Relativamente ao texto legislativo fixado pela Lei nº 146/99, de 1 de Setembro, verifica-se a exigência, agora, de uma “ estrutura organizativa adequada” em vez de apenas “capacidade técnica para o exercício da actividade”, com caracterização do que tal significa:
- Existência de um director técnico contratado, com perfil e experiência, concretamente, definidos;
- Existência de instalações adequadas e devidamente equipadas ao exercício da actividade.
São, certamente por todos, aplaudidas estas medidas de eliminação de empresas de “vão de escada” que prejudicam o sector e comprometem o debate o sério sobre esta problemática do trabalho temporário; a presente legislação concede às empresas que já exercem actividade um prazo, até 19 de Setembro de 2007, para se adaptarem às novas disposições legais.
Do mesmo modo, defendem-se, justamente, os direitos dos trabalhadores temporários consagrando, em termos de execução de caução que, no caso da empresa de trabalho temporário faltar ao pagamento pontual das prestações pecuniárias devidas ao trabalhador, por período superior a quinze dias, devem as prestações em mora ser cumpridas através da referida caução - nº 1 do artº 7º, da Lei nº 19/2007.
E, justificadamente, no plano da garantia dos direitos do trabalhador temporário, não tanto se isso quiser significar menor comprometimento das entidades competentes no controlo e fiscalização da actividade das empresas de trabalho temporário, a celebração de contrato de utilização de trabalho temporário com empresa de trabalho temporário não licenciada responsabiliza solidariamente esta e o utilizador pelos créditos emergentes do contrato de trabalho e da sua violação ou cessação, pertencentes ao trabalhador, bem como pelos encargos sociais correspondentes, relativos aos últimos três anos - nº 1 do artº 17º, da Lei nº 19/2007.
Bem como, também, é o utilizador subsidiariamente responsável pelo incumprimento por parte da empresa de trabalho temporário de créditos de trabalho temporário e ainda dos encargos sociais correspondentes ao ano subsequente ao início da prestação - nº 2 do artº 17º, da Lei nº 19/2007.

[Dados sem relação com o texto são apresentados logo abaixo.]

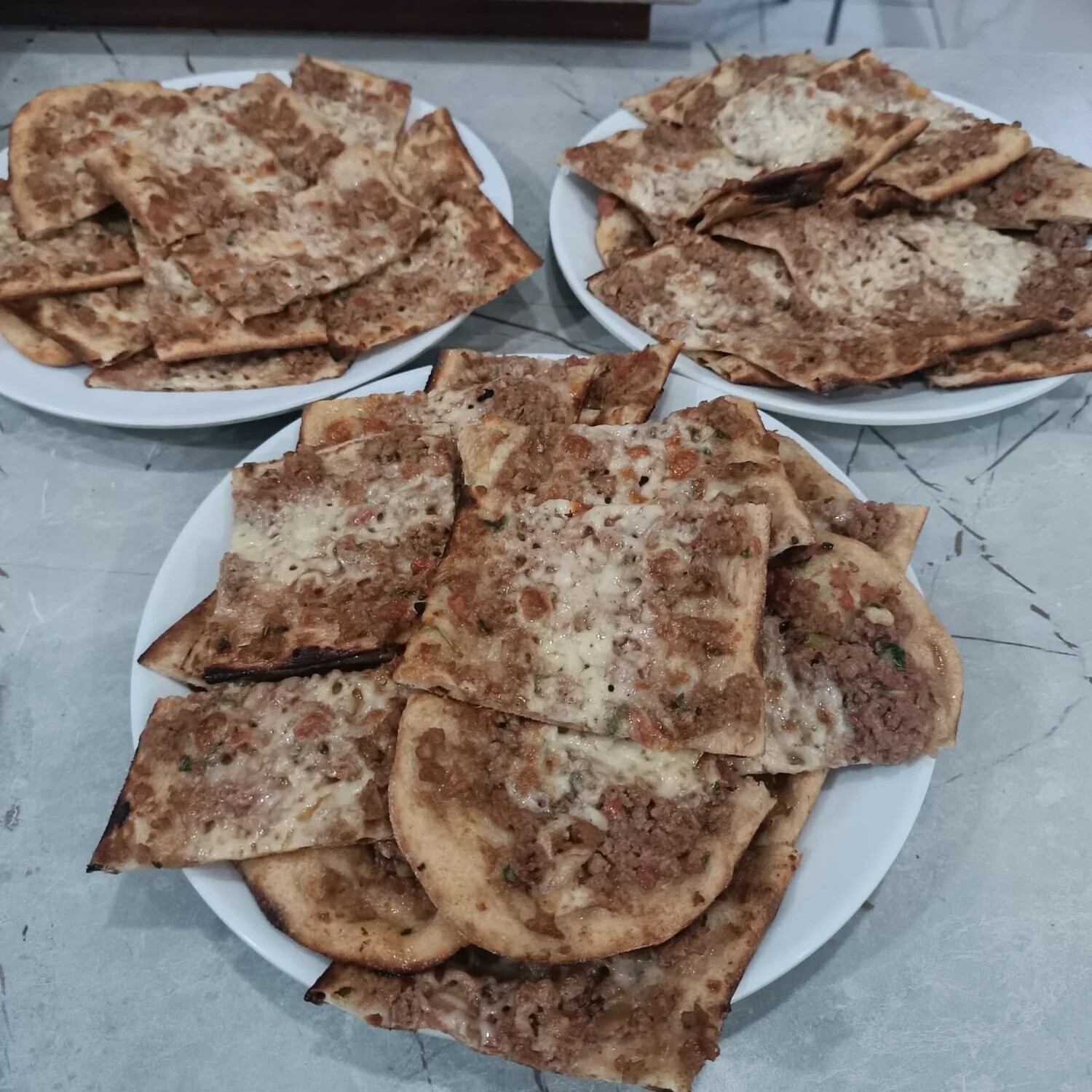 Kıymalı Kaşarlı Pide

É, neste contexto de responsabilização, que se considera muito positivo e de louvar a recente notícia sobre a criação da figura do Provedor para o Trabalho Temporário pela Associação Portuguesa das Empresas do Sector Privado e Emprego (APESPE).

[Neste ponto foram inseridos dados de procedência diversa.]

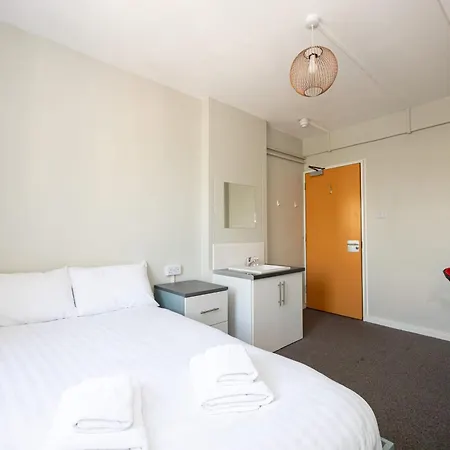 Spacious With Shared Facilities London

O “ombudsman” da tradição sueca, órgão independente, vai ter, nomeadamente, funções de análise de queixas de alegadas violações dos direitos dos trabalhadores temporários, com elaboração de recomendações e propostas de alteração de procedimentos dirigidas às empresas de trabalho temporário.

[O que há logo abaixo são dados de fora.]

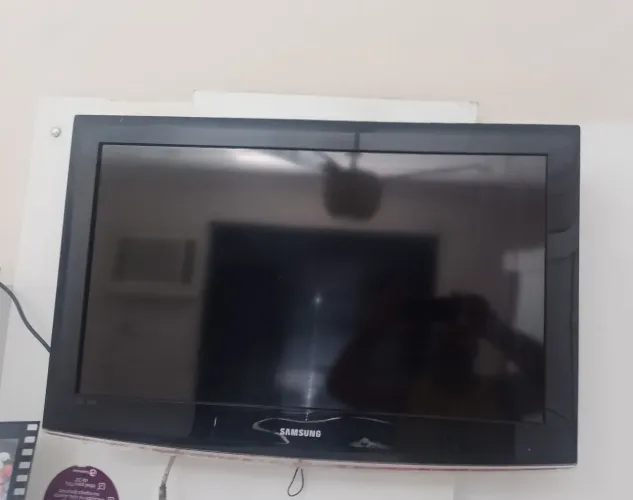 Vendo uma TV não smart 32 polegadas Samsung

Merece, finalmente, destaque pelo alcance estratégico que encerra a competência que foi atribuída a este Provedor e que é: desenvolver um Observatório do Trabalho Temporário, com vista a melhorar o conhecimento público do sector e seu contributo para a criação de emprego e para a economia nacional.
A informação que este Observatório passará a disponibilizar será, de certeza, decisiva para o progressivo derrube da suspeição existente sobre o trabalho temporário e a melhor forma de afirmar este como verdadeira ferramenta de gestão.